Çok şeyi anlamıyordum. Babamı cephe gerisine Zlatovust kentine göndermişlerdi.
Daha sonraları yiyecek bulamadıkları için çok kişinin öldüğünü bana
söylemişlerdi. Köyümüze gelen faşistlerden birisini partizanlar öldürünce,
Almanlar sivil insanlarımızı bir araya toplayıp kurşunlayarak öldürmüşlerdi.
- Baban
Ashad geri döndüğünde sana ilk olarak ne söylemişti?
- Güler yüzle bana bakmıştı, işte bunu
hatırlıyorum. Ağzında diş kalmamıştı, hastaydı. Babam iyi bir dansçıydı,
köydeki düğünlerde oynuyordu. Savaşın ardından iki tane daha oğlu oldu. Aslanla Kaplan.
-Murat,
konservatuarda okudun, meslek olarak kompozitörlüğü seçtin. Senin için müzik
nedir?
- Yaşamımı müzik ve şarkı zenginleştirdi.
-
Tema olarak vatanseverliği ön plana çıkarmanın kökeninde ne yatıyor, bize
söyleyebilirmisin?
- Sen nasıl yazarsın bilmiyorum ama bunun
kökeninde, güç bulmasında anne-babamın, Cambeçıye’nin yattığını düşünüyorum.
- Cambeçıye
için yazdığın şarkıyı kaleme alırkan en çok aklına gelen neydi,
hatırlıyormusun?
- Köyümün kuruluşunun 130. yılı anısına
Jene Kırımıze’nin yazdığı sözlerin üzerine şarkıyı bestelemiştim. Şevoj Roze
keyifli bir sesle Cambeçıye şarkısını söylediğinde daha da çoğunu bestelemek
istemiştim. Şarkın için tebrik aldığında, üzerinde düşünebileceğin şey çok
oluyor.
-Kahramanlık şarkılarının başlangıcına biraz değinmeni bekliyorum.

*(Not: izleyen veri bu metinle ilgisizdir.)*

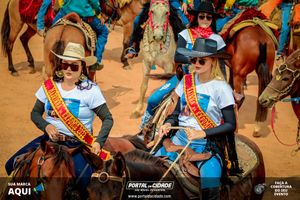 Cavalgada EXPOMIG 2022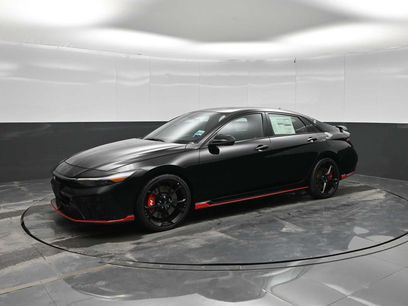 New 2026 Hyundai Elantra N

- Annesi oğlunun akıbetini bilmiyor,
savaştan geri gelmemiş. Canını teslim ettiğine dair haber işitmiş fakat ana
yüreği umut ediyor oğlunu bekliyor. Kump’ıl Kadırbeç’ın şiirini besteledim.

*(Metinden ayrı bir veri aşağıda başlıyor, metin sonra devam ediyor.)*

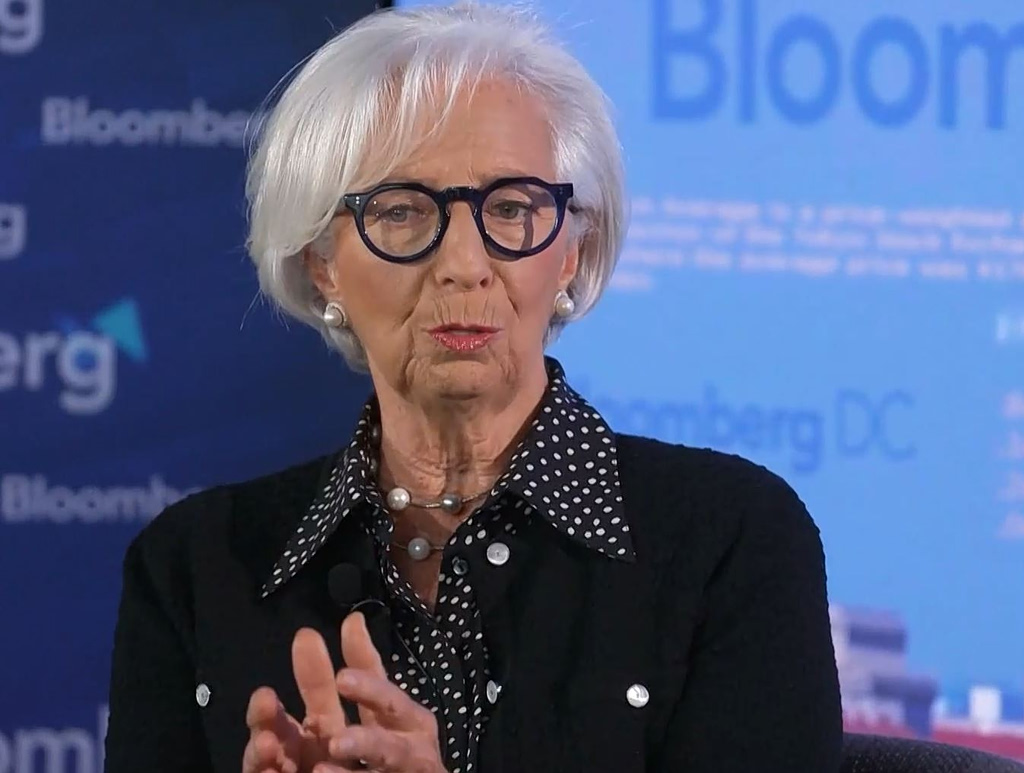 ΕΚΤ: Αμετάβλητα τα επιτόκια και τον Απρίλιο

Jene Nefiset ve Tleserıko Kim ise şarkıyı ünlendirdiler. O’nu insanın
gözyaşlarını getirtici şarkılardan sayıyorum.
-Meşbaşe İshak’ın sözleri üzerine bestelenmiş ‘Eski Şarkı’....
-Evet o da insanı kederlendiren yüreğini
‘sıkıştıran’ bir şarkı. Başkalarıda bu şiiri bestelediler.
-
Kompozitör Nehay Aslanla Viktor Zaherçenka da bu şarkı üzerinde çalıştılar.
- Evet Kuban Kazak
Horu ve İslameyde bu şarkıyı söylüyor. Haçemize Biboletin sözlerini yazdığı ‘Benim
Adıgeyim’ ve Şahaptleko Keseyin sözlerini yazdığı ‘Sevdiğime dönüyorum’ ve diğerleri de vatanseverlik şarkıları.
- Şarkılarından ‘Nehir’ isimlisini ben daha bir ön plana çıkartıyorum. Bunu
şarkıcılarımız da daha çok söylüyorlar.
- Jene Kırımızenin verdiği bir kitabı
okurken, şarkı olabilecek normda olan bir esere dikkat etmiştim. Bunu ilk defa
Bereğune Ramazan seslendirmişti. Anzereko Çeslav Leningratta okurken ona
verdiğimde dünyaca tanınmış ünlü ses sanatçısı İrina Şalıt’la birlikte kayıt
altına almışlardı.
- ‘Nehir’i, Semegu Goşnağu, Jene
Nefiset, Bace Dzehan, Nehaye Tamara ve başkalarıda repertuarlarına aldılar.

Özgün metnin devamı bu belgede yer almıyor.